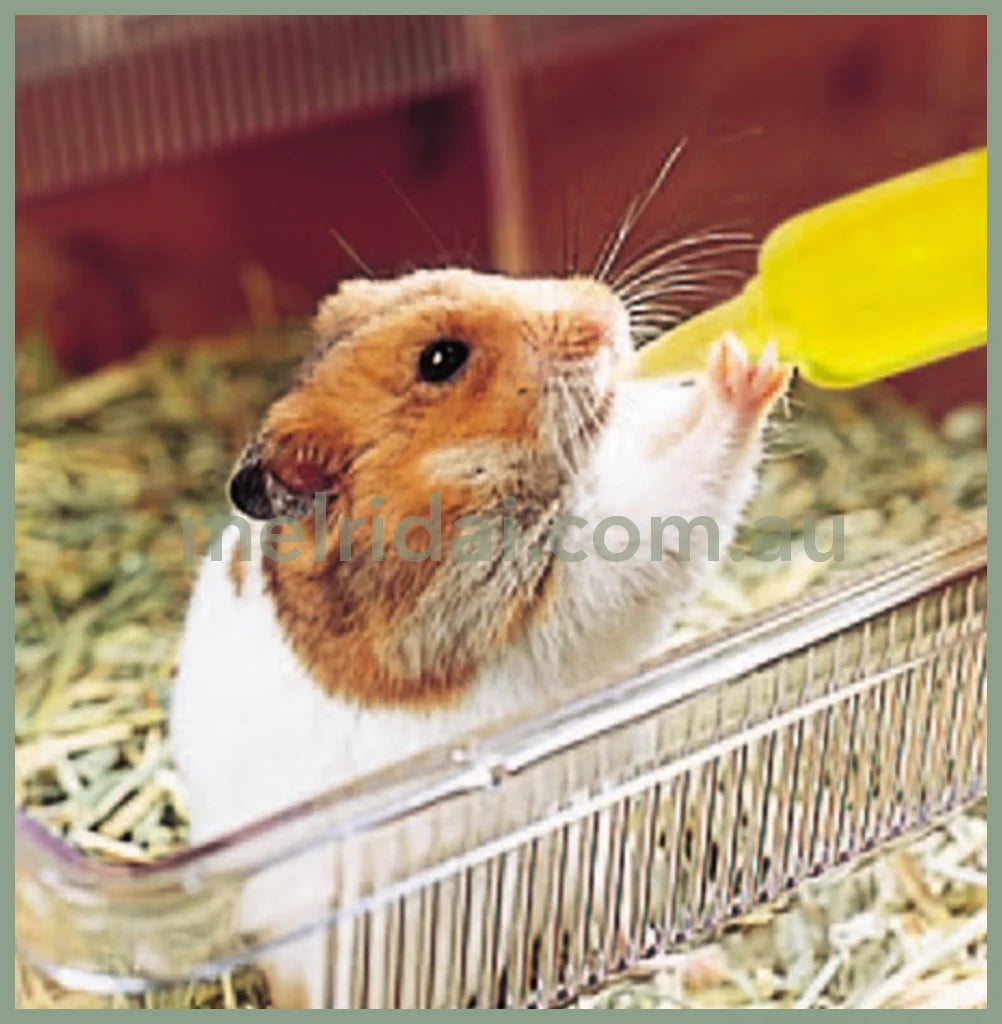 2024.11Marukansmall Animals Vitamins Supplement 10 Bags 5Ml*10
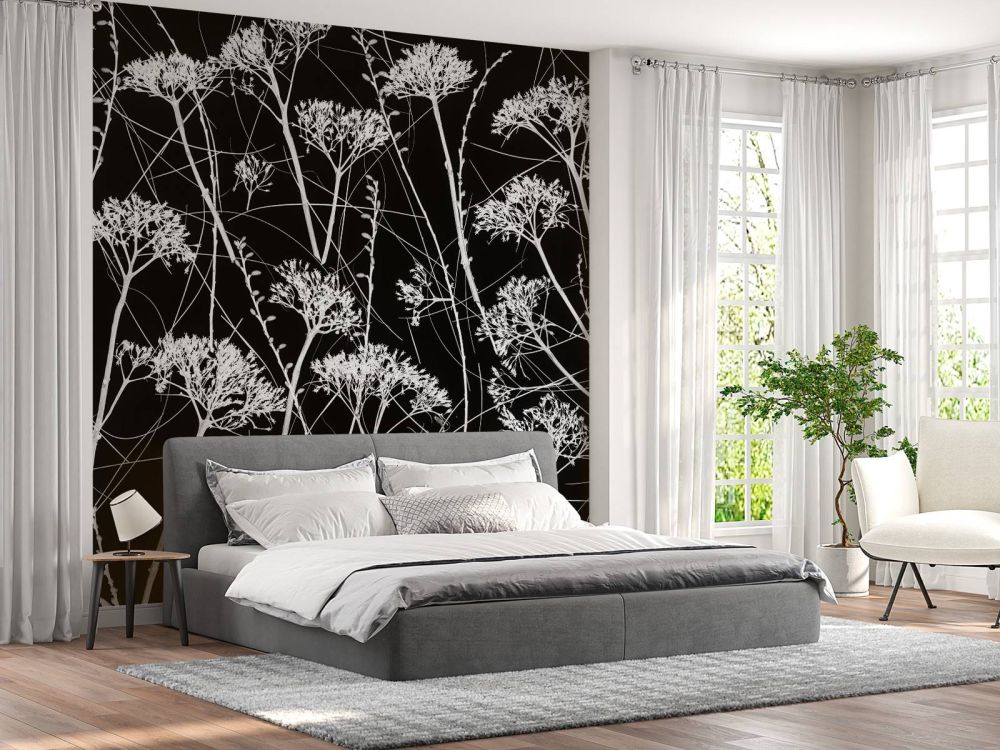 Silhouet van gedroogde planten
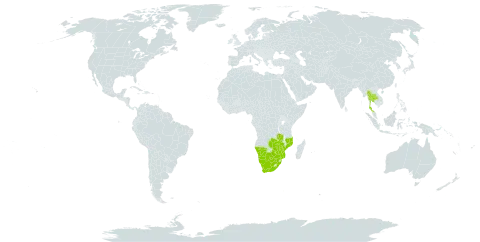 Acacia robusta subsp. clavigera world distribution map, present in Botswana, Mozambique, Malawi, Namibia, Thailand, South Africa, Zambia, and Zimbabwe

◇ ◇ ◇ ◇ ◇

→ EXERCISE DIRECTIONS: Print the preceding material over again exactly. Please leave the pictures out.

→ RESPONSE TO THE EXERCISE:
 2024.11Marukansmall Animals Vitamins Supplement 10 Bags 5Ml*10
 Silhouet van gedroogde planten
 Acacia robusta subsp. clavigera world distribution map, present in Botswana, Mozambique, Malawi, Namibia, Thailand, South Africa, Zambia, and Zimbabwe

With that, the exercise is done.